Note that flagging for moderator attention is all that it is configured to do. It can also warn users if their post is classified this way, or even block posts entirely. I don’t anticipate using these latter features (at least, not with thresholds anywhere that might have false positives).
As such, this feature should be invisible to most users — but I thought y’all might like to know. (And you can read more at the link above.)
@moderators, as noted in the docs, there are thresholds we can tweak as need be. Please let me know if you’re finding something over-aggressive (or broken, or whatever).
Also: there is a multi-language model, but for now I’ve left it at the default. In the future, I’d like to enable that in the “Ask in Other Languages” category — or, ideally, per language.
I’m in favor of this specific application, but I feel like this is something we shouldn’t do silently. Even if it’s buried in the terms of service somewhere or something, people should have a way to know that it’s happening.
Just for the sake of discussion is this system so much different compared to an antispam system? At the end of the day, even classical antispam systems use some sort of AI/ML classifier to automatically flag topics which might be problematic. (And we know, their work often fail).
First, a mea culpa. I saw this by way of the @moderators mention and missed that this is actually a public post. So my “this is something we shouldn’t do silently” objection was invalid from the beginning.
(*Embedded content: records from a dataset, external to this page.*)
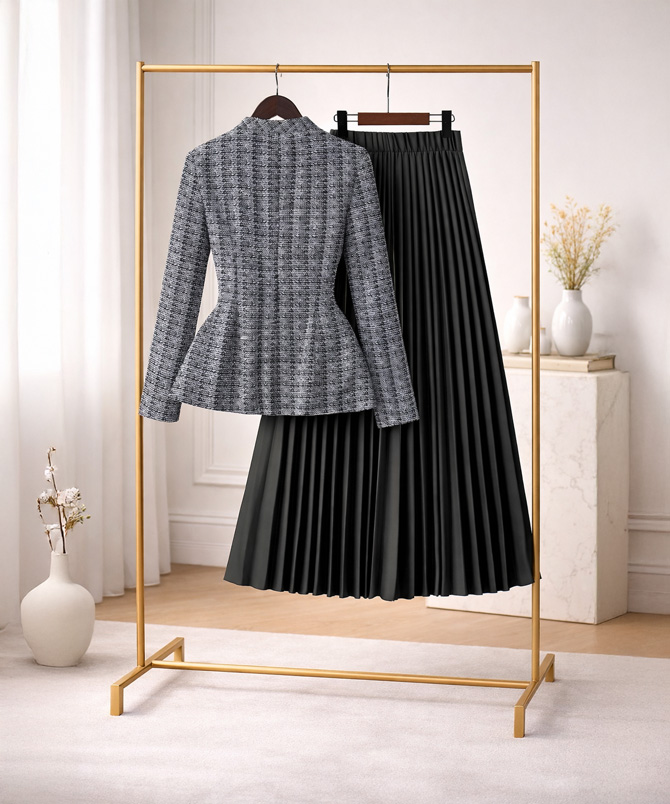 The Black Modern Heiress Set in a rack - TORFEO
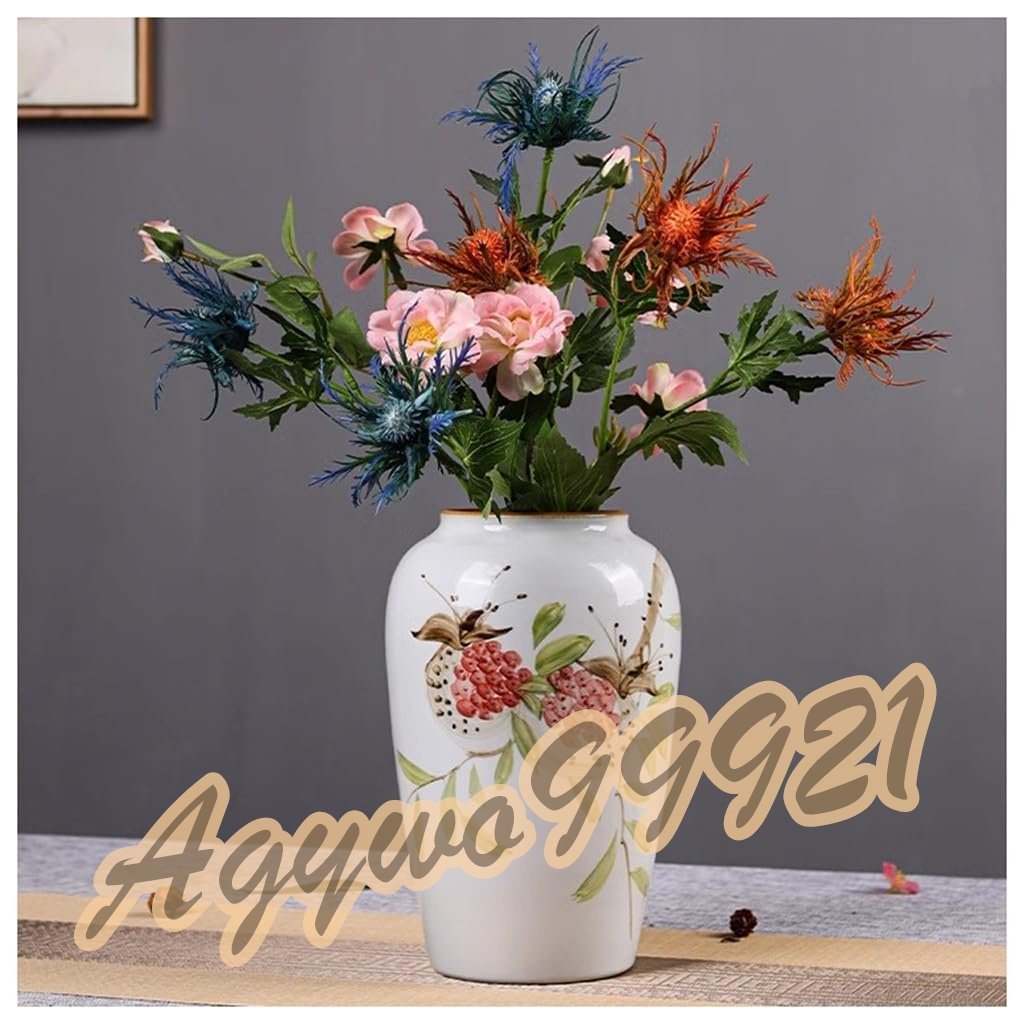 セラミック花瓶花瓶現代家庭装飾用ドライ花瓶暖炉寝室キッチンリビングセンター用デスク (Size : 16x25cm)
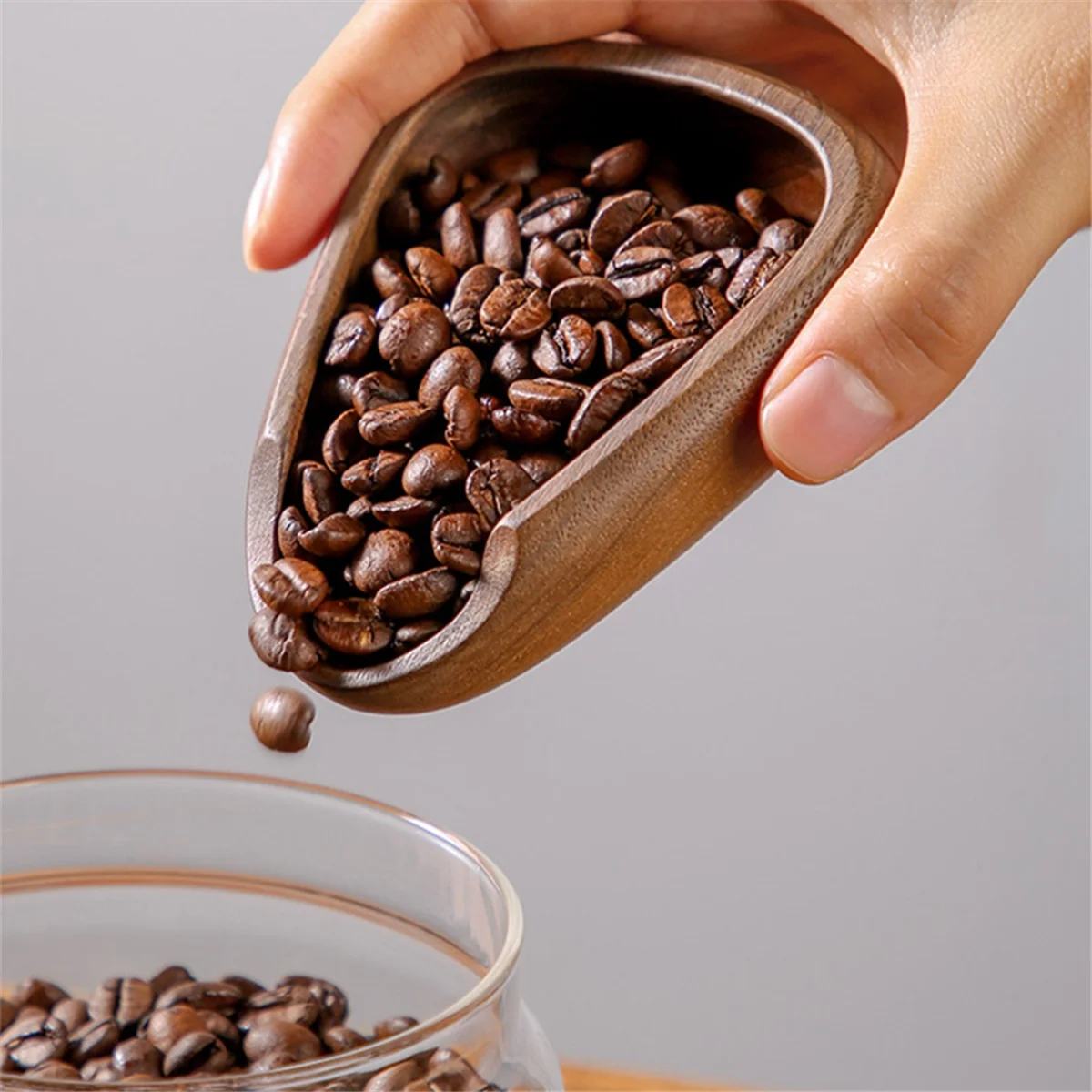 

2Pcs Coffee Beans Dosing Cup Weigh Coffee Bean Container Wood Weighing Container Coffee Scoop Coffee Bean Weighing Bowl-A70Z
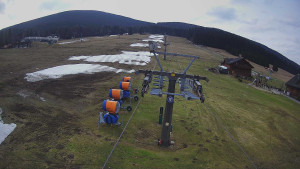 Horské atrakce Ramzová - Dolní část sjezdovky Skiareálu Ramzová - 24.3.2026 v 07:00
Yes and no. Practically speaking, it’s pretty similar. But it feels different. I think this is because spam filtering is necessary if you want to put something on the Internet. But the sentiment analysis feels less existentially-necessary and more judgmental. I think it’s valuable as a way to clue the moderators into a topic that might be getting too heated, but I can see people (particularly those involved in a free software project) feeling like it’s invasive. But we’re not hiding it, so let’s see how well it works.